Realmente eu tinha ficado fascinado com a escola da ponte,mas agora fiquei mais ainda por todo o processo que ela passou para se fixar em um periodo conturbado que se vivenciava em Portugal.Realmente José pacheco é um dos grandes educadores da lingua portuguesa, pela coragem digna e respeituosa que usou na aréa da educação.Criou uma escola de personalidade própria,onde o conhecimento gira em torno de todos em um interacionismo brilhante.

Gostei muito da sua reportagem meu caro colega interagente Edson.

Um abração de Roberto

Anônimo disse...

Para nos estudantes de Letras sabemos que esta escola é um sonho real, porem somente na cidade do Porto,é de nosso conhecimento que é uma escola modelo e eu gostaria de ter o prazer de visita-la algun
dia ,sabemos que é verdadeira, no entanto dificil de amplia-la. pois o que parece me segundo Candau, para os governantes ter o domínio sobre um povo nada mais de que mante-los na ignorância

Curso de Letras da UNISUL disse...

Edson, realmente a Escola da Ponte é uma escola diferente e, já é de nosso conhecimento, tmbém sabemos que o professor José Pacheco é um grande Mestre em Língua portuguesa.
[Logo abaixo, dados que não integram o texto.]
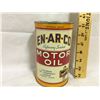 Image 2 : EN-AR-CO, MOTOR OIL TIN, 1 IMP QT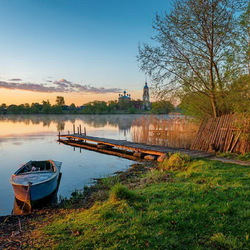 Пазл: Тихое утро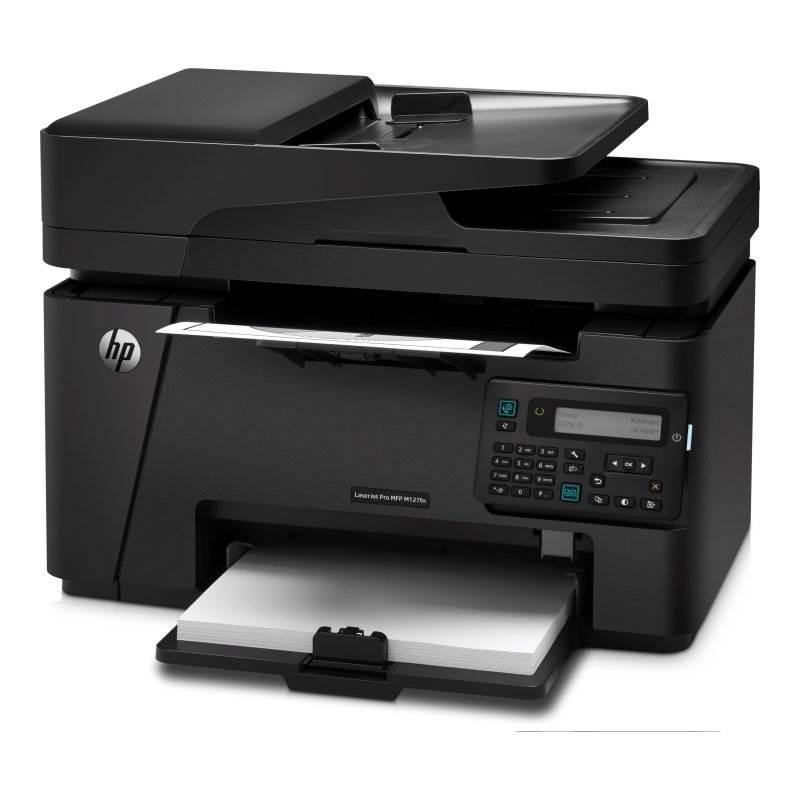 HP LaserJet Pro M127 — görsel 2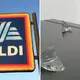 Aldi customer’s warning about exploding candle from the popular grocery store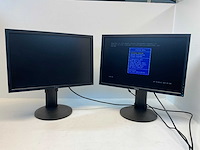 Dell p2210 monitor (2x) - afbeelding 7 van  10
Mas você fez nos relembrar, valeu!

Um abraço;
Valter

Anônimo disse...

Essa e a escola dos sonhos, mas uma pouco distante da nossa realidade. Cabe a nos futuros professores inovar e fazer a diferença.
Parabéns pelo tema.

Abraço

Lucia

Curso de Letras da UNISUL disse...

adorei seu comentario.gostaria de poder conhecer a esta escola.

Anônimo disse...

gostei muito dessa escola da ponteque você fala. Gostaria de poder conhece-la,pois ela é um grande sonho que os alunos de letrasgostariam de realizar.

Curso de Letras da UNISUL disse...

A Escola da Ponte realmente é modelo de educação. Dinâmica e motivadora.